Ayasofya’nın ibadete açılması tartışılırken çeşitli sorulara da yanıt aranıyor. Camilerde insan sureti kullanmak dinen caiz değilken Ayasofya’nın fresklerindeki suretler kapatılacak mı? Osmanlı döneminde cami olarak kullanılırken nasıldı? Hem ibadete açmak hem de müze olarak kullanmak mümkün mü? İşte Kültür ve Turizm Bakanlığı’nın üzerinde durduğu alternatifler:
Geçen yıl 3 milyon 727 bin kişinin ziyaret ettiği Ayasofya camiye çevrilirse Kültür ve Turizm Bakanlığı ciddi gelir kaybına uğrayacak. Bakanlığın geçen yıl en çok ziyaret edilen müzesi unvanına sahip Ayasofya’da bir yandan ziyaretçi girişi devam ederken diğer yandan ibadete açık tutma düşüncesi ağır basıyor. Bu yönde birkaç alternatif üretildi. Ana mekân ibadete açılacak, üst galeri katları müze olarak ziyaret edilebilecek.

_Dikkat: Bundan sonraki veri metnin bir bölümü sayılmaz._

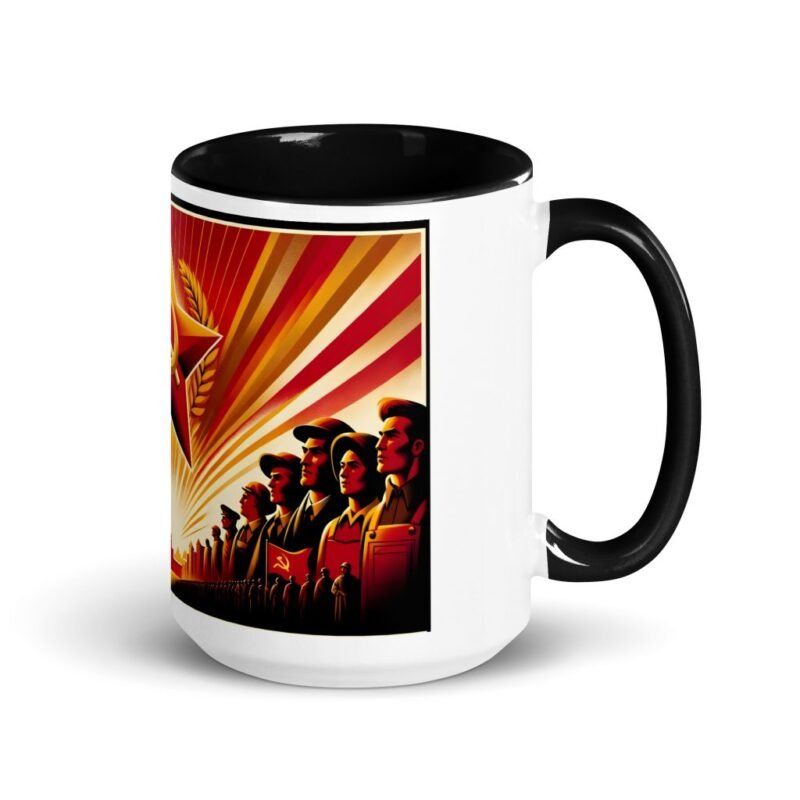 Taza "Unión y Fuerza La Grandeza de la Unión Soviética"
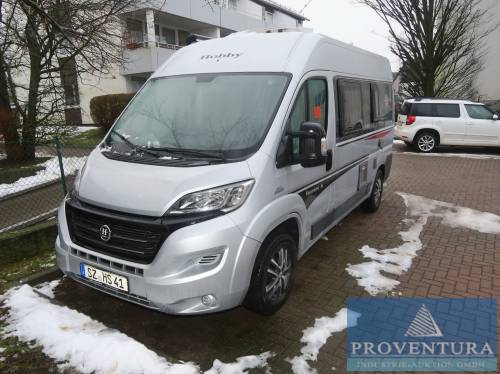 Camper Van HOBBY MAM 2, FIAT Ducato 130 Multijet 2.3 D - EZ. 2016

İkinci alternatif büyük kubbe altı ibadete açılacak, yan nefler yani galeri katının altı kısmı ile galeri katı müze ziyaretçisine açık olacak. Osmanlı döneminde galeri katında yabancı ziyaretçilerin bulunduğunu ve onların topluca yapılan ibadetleri izlediğini biliyoruz. Hatta galeri katı imparatoriçe locasında sırf onlar için oturma yerleri yapılmıştı. Ancak Osmanlı bu uygulamaya 19. yüzyılın son dönemlerinde geçmişti. Öncesinde yabancıların camileri ziyareti izne tabiydi. Son alternatif de Sultanahmet Camisi’nde olduğu gibi ibadet saatlerinde ziyarete kapalı tutup, vakit namazları bittikten sonra ziyarete açmak. Her türlü alternatifte de kesin olması gereken randevulu sisteme geçmek.
OSMANLI’DA NASILDI
Ayasofya ibadete açıldığında en büyük sorunlardan biri olarak fresklerin üstü ve ana kubbedeki insan suretleri öne çıkıyor. İslamiyet’te namaz kılınan yerde suret olması caiz görülmüyor. Ayasofya’da bulunan figürlü mozaiklerin üstünün kapatılması hakkında farklı görüşler olsa da 1710 yılında İstanbul’da bulunan İsveçli ressam Cornelius Loos’un gravürlerinde Ayasofya içinde birçok figürlü mozaiğin üstünün açık olduğu görülüyor. Bundan da Osmanlı döneminde ibadete açıkken mozaiklerin üstünün kapatılmadığı anlaşılıyor.